# BCE Inc. (BCE.TO) vs Bell Aliant Inc. (BA.TO)



## Toronto_Boy (Apr 9, 2013)

I would love to hear your thoughts on BCE vs BA (Bell Aliant). I don't own any telecom stocks at the moment ... so thinking of taking a small position in one of them for a medium term horizon. 

BA seems to have a better yield & price fluctuation is less. Thanks in advance.


----------



## AGHFX (Aug 31, 2012)

They are two different companies. BCE (Bell Canada Enterprises), commonly known as Bell, it a national company. It provides cellphone services, landline telephone, internet, cable, and media (it owns a variety of TV channels).
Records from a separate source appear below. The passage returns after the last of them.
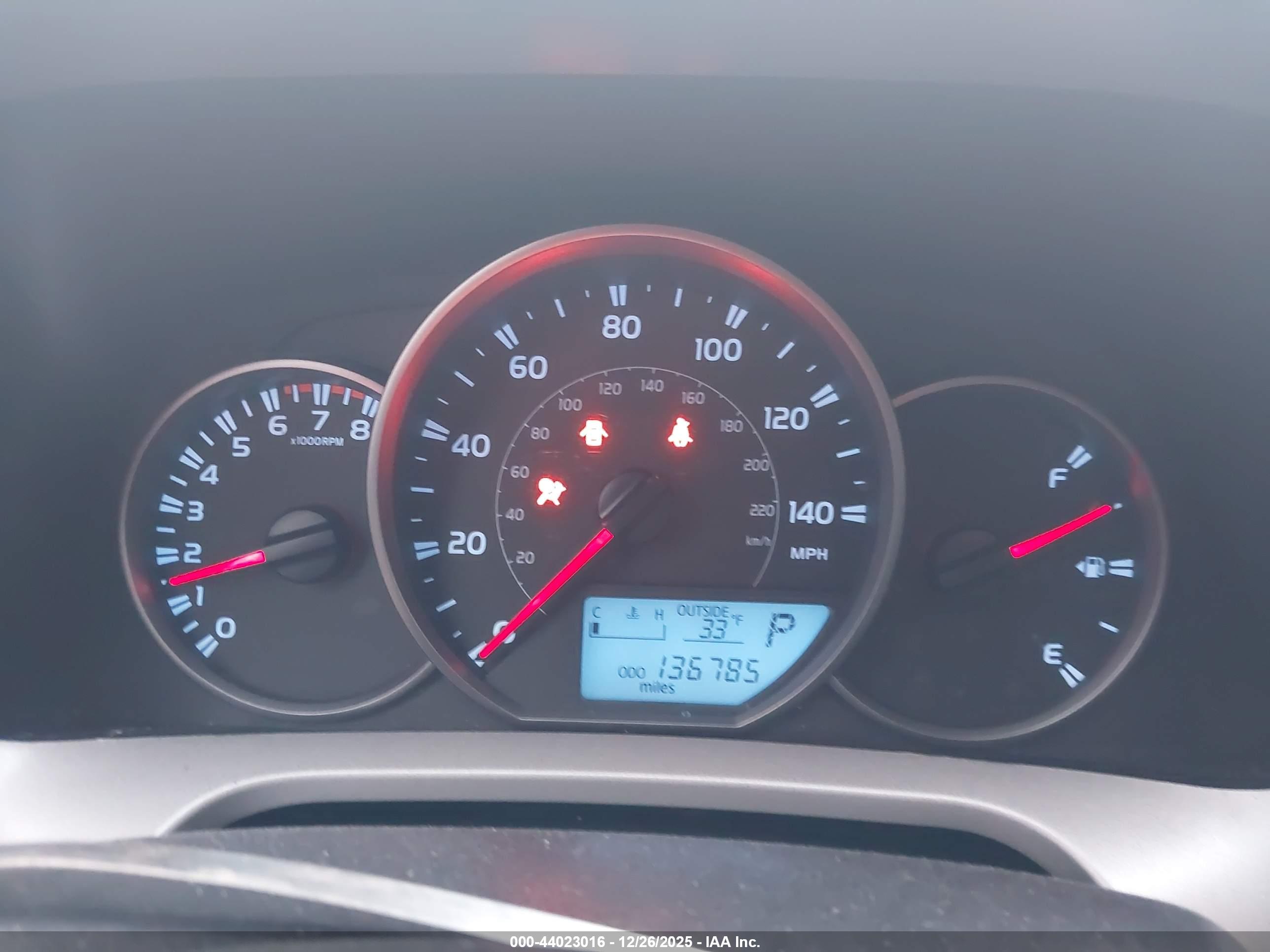 TOYOTA RAV4 image 7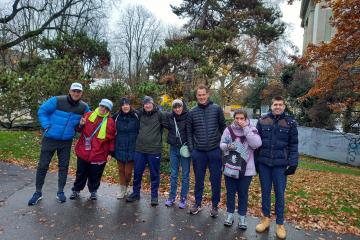 Dimanche 29 novembre, Parc des Bastions pour le dernier entrainement avant la course du Walking Adultes, samedi 4 décembre. Jérémy, Miguel, Sophie, Mégane, Jean-Baptiste, Marc, Claudia, Alexane, Otto et Myriam seront sur la ligne de départ, bloc 6, départ à 19h15.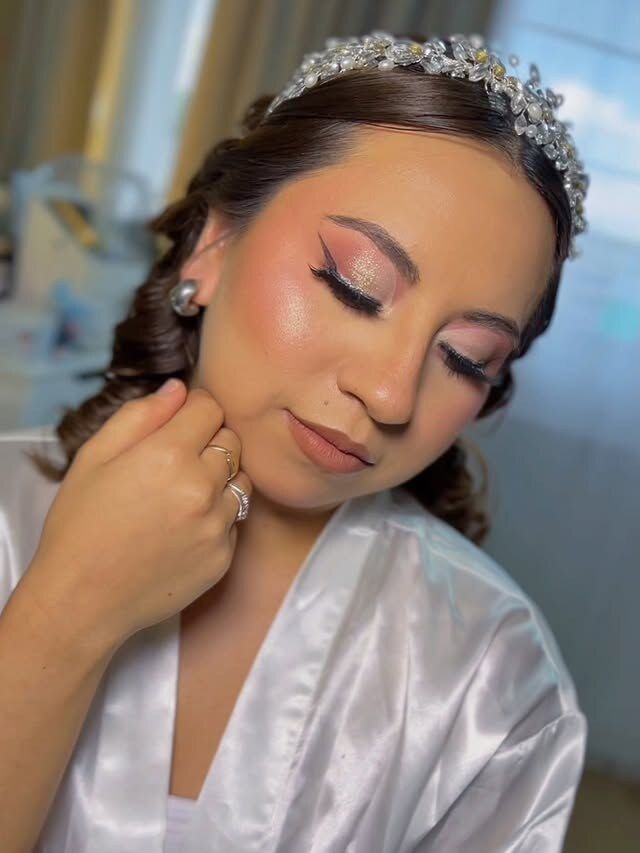 Novia con tocado de perlas, ojos cerrados y sombras rosadas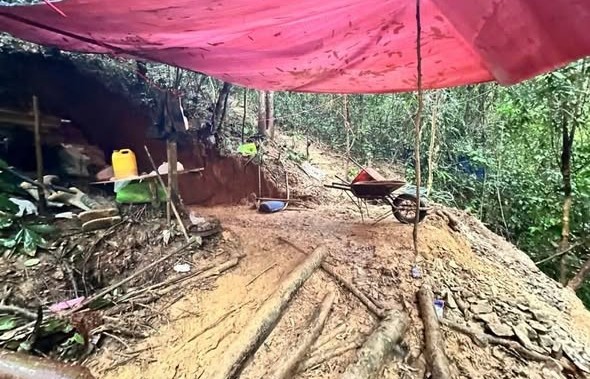 Đà Nẵng: Truy quét điểm khai thác vàng trái phép giữa rừng sâu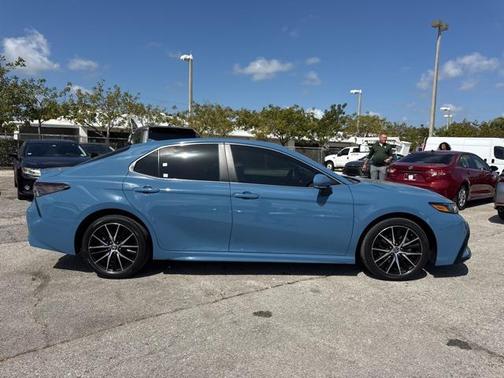 2023 Toyota Camry SE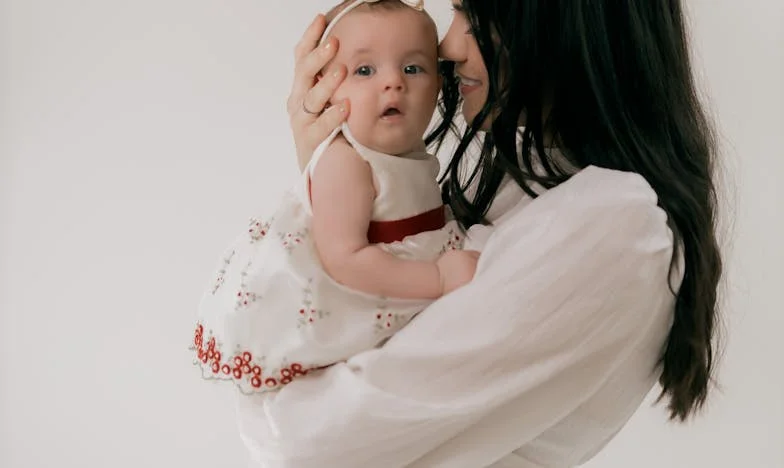 Mąż zaczął mi kupować kwiaty. Wtedy zrozumiałam, że mnie zdradza. Moja historia o miłości, zdradzie i odwadze, by zacząć od nowa.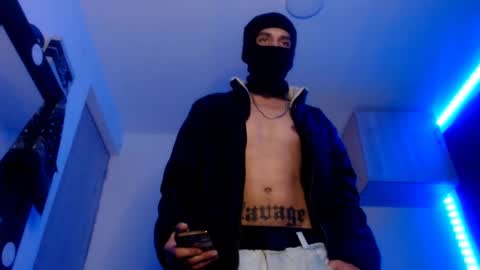   online show from February 2025 01:56:01 AM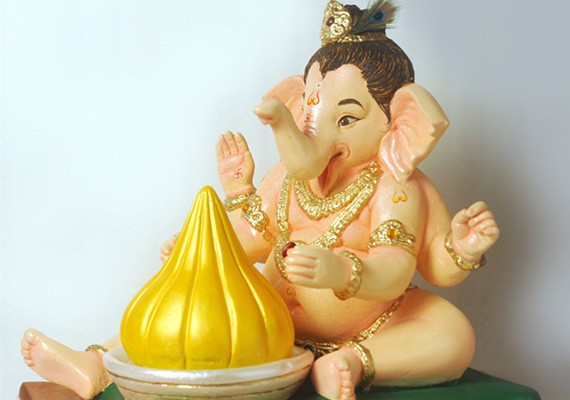 बाप्पा हसला खुदकन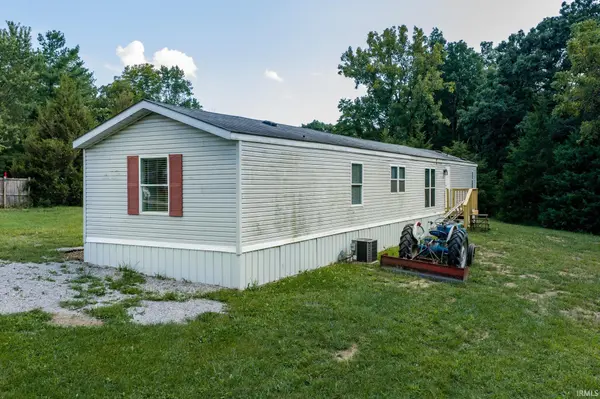 12614 E Shady Meadows ***, Solsberry, IN 47459
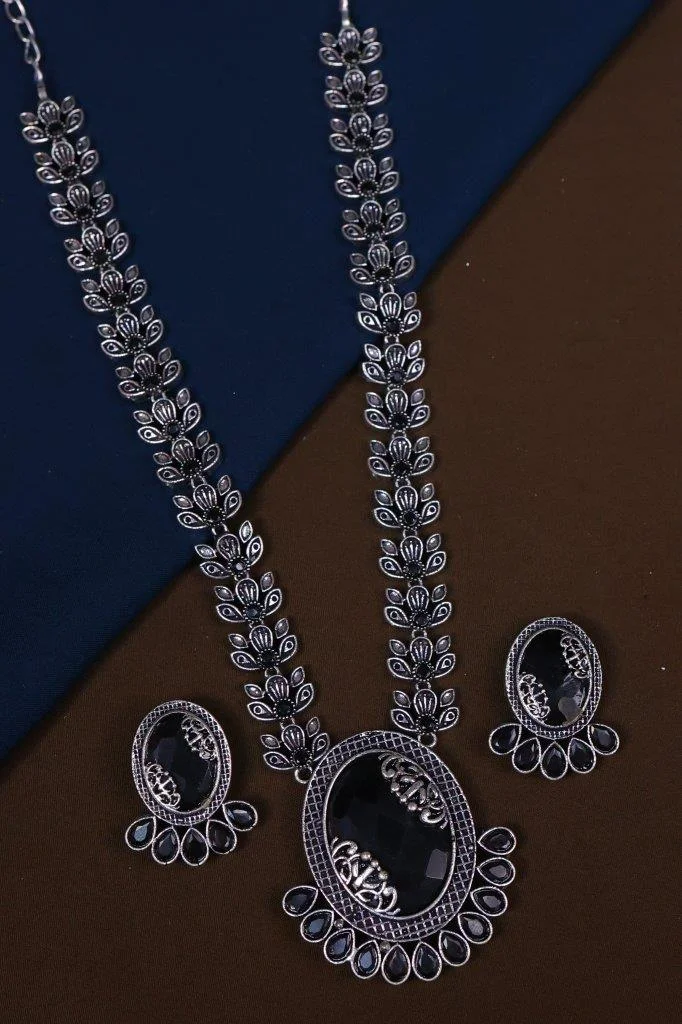 Lotus Bud Long Haar with Oval Stone Pendant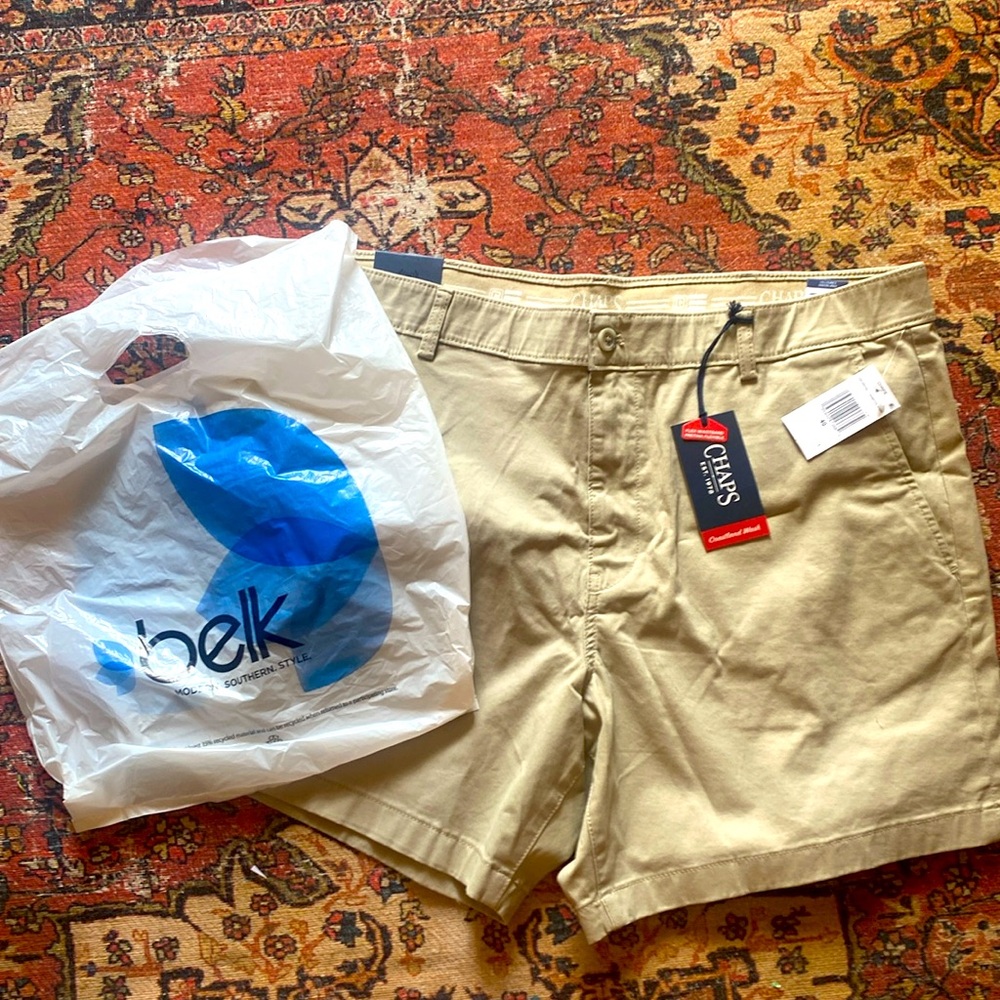Men’s Chaps khaki shorts.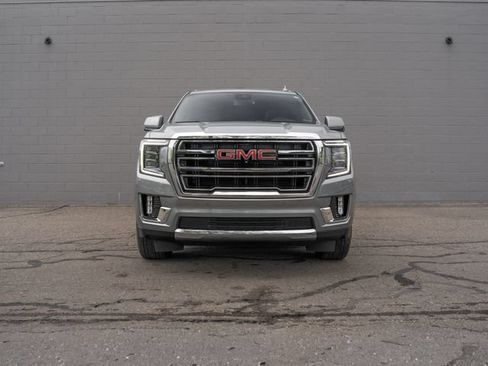 Used 2023 GMC Yukon XL SLT w/ SLT Premium Package AWD/4WD image 10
Bell Aliant (BA) is a regional company, focused in Atlantic Canada. It provides landline telephone, internet (fibre-op), and cable. Though it does not have a national presence, it has been doing a good job expanding its fibre-op internet and cable services to rural parts of Atlantic Canada (as well as some of the more populated areas). BCE pays dividends to BA, which helps fund BA's high dividend payout.

I would consider BCE to be more of a stable stock, due to its size and diversification. BA is great to hold for its dividend, but it is more interest-rate sensitive and may be more susceptible to a decrease in share price if there's a large market sell-off. However, all things considered - if a "threatening" fourth player enters the Canadian telecom market, I could see BA as a great candidate for acquisition.

** Disclaimer - I hold both BCE and BA.


----------



## yyz (Aug 11, 2013)

Bell also owns about 44% of Bell Aliant.
BA has a nice dividend but it has gone from about $29 to $26 lately. 
I also own both


----------



## AGHFX (Aug 31, 2012)

yyz said:


> Bell also owns about 44% of Bell Aliant.
> BA has a nice dividend but it has gone from about $29 to $26 lately.
> I also own both


I knew there was a % of ownership but I didn't know how large off the top of my head .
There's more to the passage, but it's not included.